Given material —
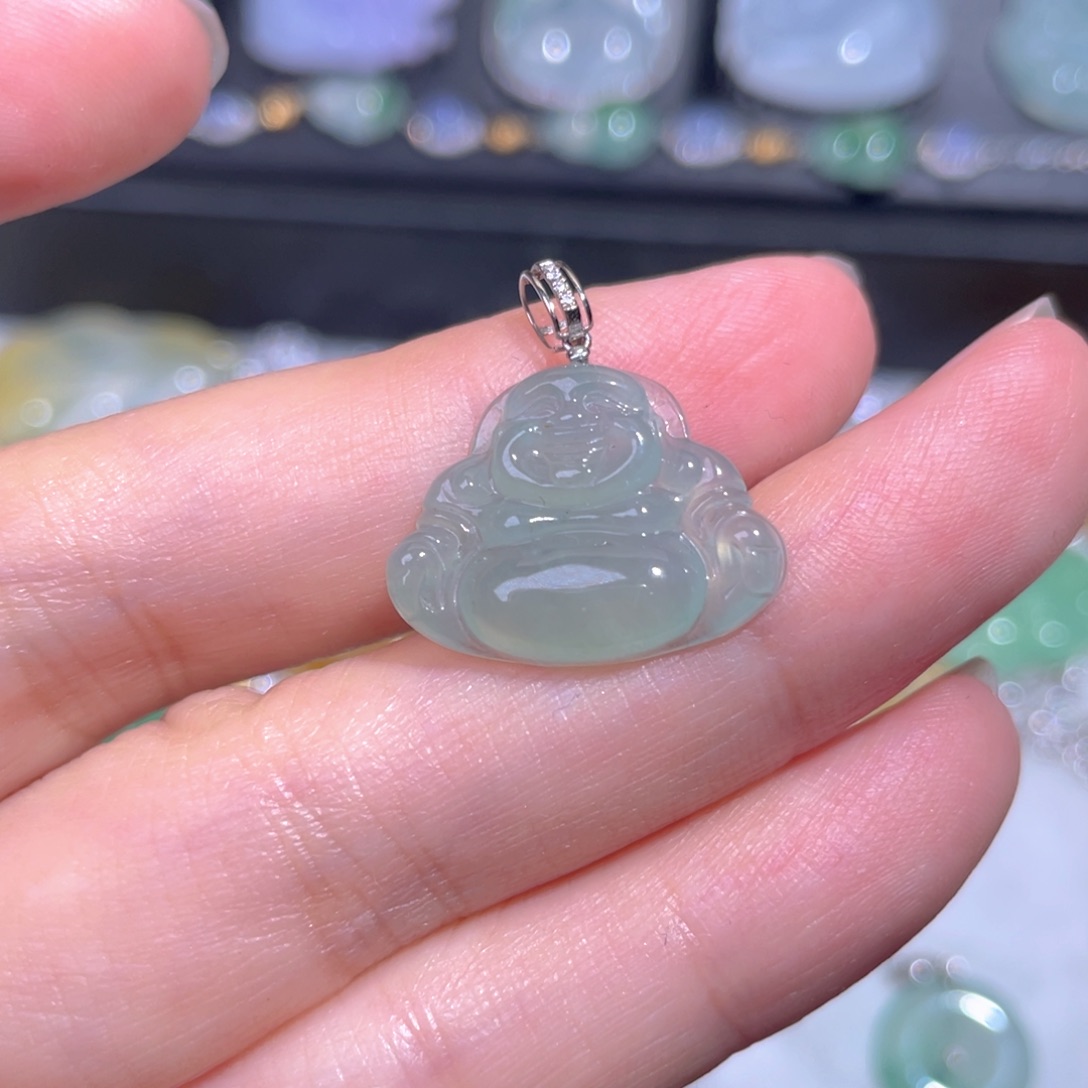 颈饰18K金镶嵌翡翠翡翠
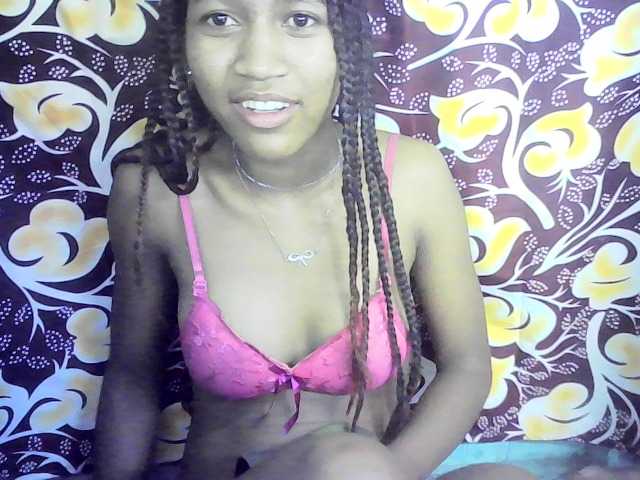 Live sex webcam photo for Cyrus20- #272944432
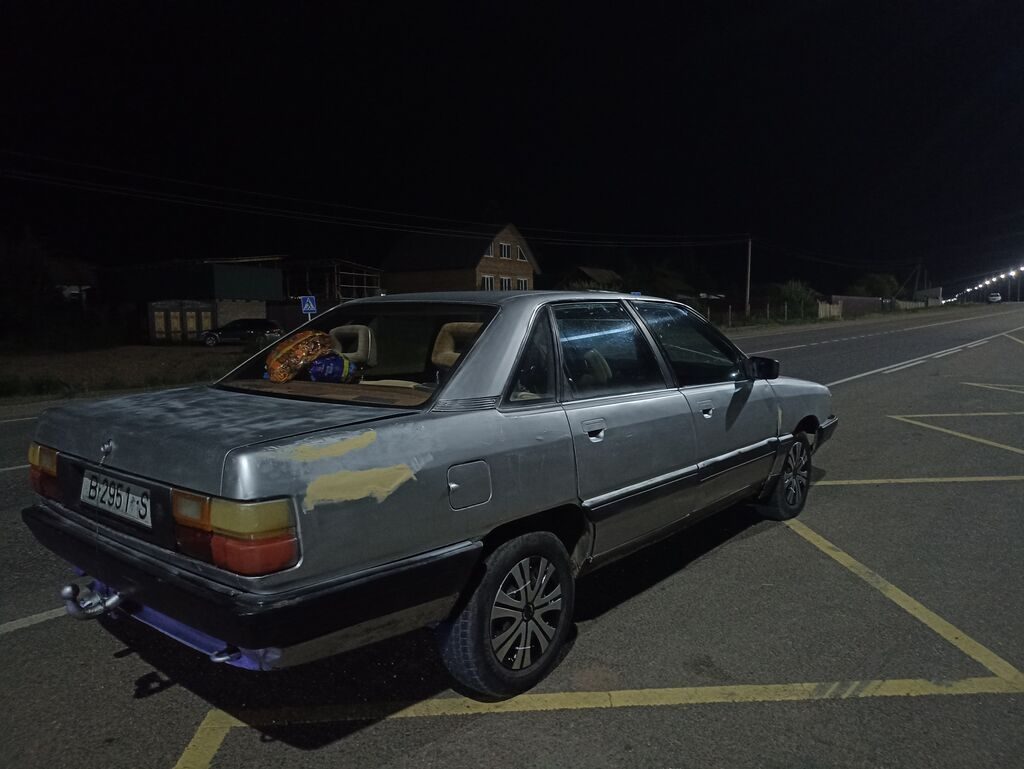 Audi 100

Task description — Word for word, repeat only the lines from the line containing "Live sex webcam" through the end of the data, without any pictures.

Solution —
 Live sex webcam photo for Cyrus20- #272944432
 Audi 100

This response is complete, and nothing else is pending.